“Nothing will kill a great employee faster than watching you tolerate a bad one.” ~Percy Belcher
Over the course of the last 25 years I have had numerous opportunities to Coach leaders in a variety of positions. There have been quite a few times when someone from HR or a leader reaches out because they have a employee who is best described as a “problem employee.”
In a few instances, against my better judgment, I have taken on the challenge thinking that based on our pre-interview, they tell me they are coachable. The rate of success is quite slim in these situations and I have come to believe that the majority of these issues originate because their leader, manager, or supervisor fails to address the situation when it began.
This can happen for a number of reasons, but regardless of the reason, it is something that needs to be addressed right when it starts, otherwise the problem just grows and the damage can sometimes become irreversible.
If you are a leader and you struggle with this issue, answer the following questions and see if any of these hit home for you. It could be the start of getting things back on track:
10 Reasons Leaders Continue To Employ Problem Employees:
- You believe that the problem will correct itself. BTW, for the record, it never does.
- You avoid the tough conversation that needs to happen because you fear conflict. This happens more than you think and is a tough one to admit.
- You avoid the tough conversation because you don’t know how to have a conversation that includes action-based items, accountability, and consequences.
- You don’t realize the cost this person is having on the rest of your team who see their unacceptable behavior being accepted.
- You don’t realize the cost this person is having on your own time. 80% of your problems come from 20% of your people. Do the math, you will be surprised at the accuracy.
- In a tight job market in regards to finding talent, you believe ‘a body’ is better than ‘no-body.’ This is the devil you know vs. the devil you don’t know syndrome.
- The employee has done a good job of convincing your higher ups they are doing a great job and so the you feel hog-tied and your power is getting usurped.
- You are near retirement, you’ve retired mentally but physically still working there, or you’ve been around so long no one believes you will change. This is still a leadership issue but it is an issue with the leader of the leader.
- You may not have had the proper coaching conversations and so there is no paper-trail to warrant a dismissal and HR pushes back on you.
- There has been so much turmoil in the department you feel that another change will disrupt the team…again!
I’m sure there are more reasons but those are the situations I have observed.
Did any of them resonate with you? Any of them describe you and why you might be holding back from addressing the issue?
If so, keep reading…
It’s a Leadership Issue
When you fail to address the above issues as a leader, you do nothing but magnify the issue. Being a leader in this day an age is one of the most difficult things you will ever do, next to raising children or navigating a marriage over the course of many years. That said this might be a really good time to ask yourself why you wanted to become a leader in the first place. Of course you realize that over 50% of all leaders took leadership positions because of the compensations? Right?
That said, being a leader provides the greatest opportunity for you to help others become the best version of themselves.
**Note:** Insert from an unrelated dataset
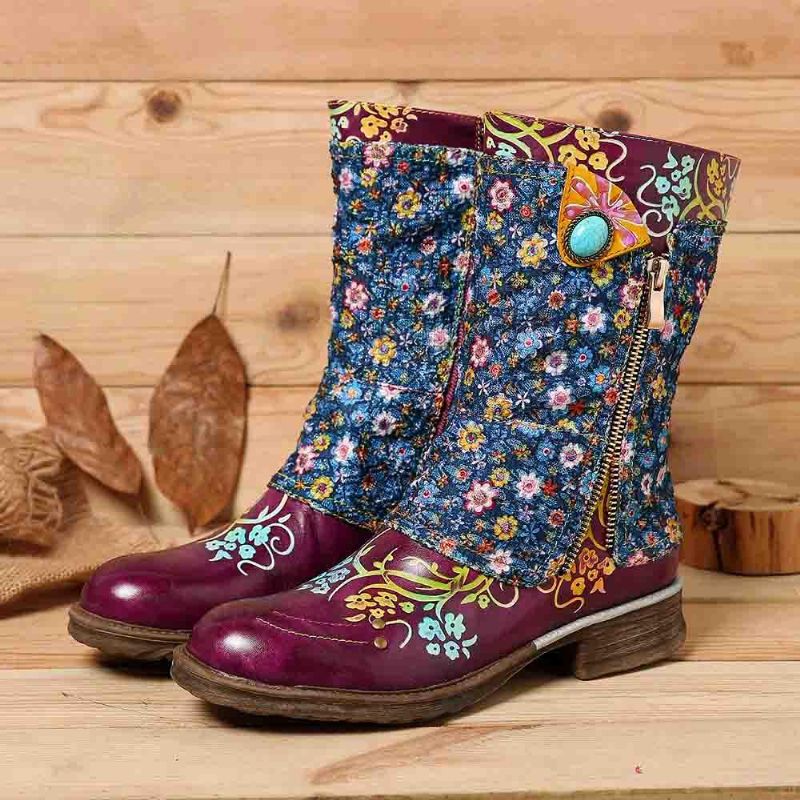 Botas Planas Con Cremallera De Costura Con Patrón De Flores Retro Para Mujer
That is the core reason for becoming a leader in the first place.
It is not about power, or entitlement, or the money! It is about realizing that you have the opportunity to positively impact the lives of others.
What Will You Do?
A few weeks ago I posted a blog about whether or not you believed you were your greatest asset. In that article I asked if you were willing to invest in yourself beyond what your company does or doesn’t do.
So let me ask you again, are you willing to invest in yourself to become a leader who influences their people to become the best version of themselves.
Are you willing to push beyond your comfort zone and finally break though to be the best version of yourself?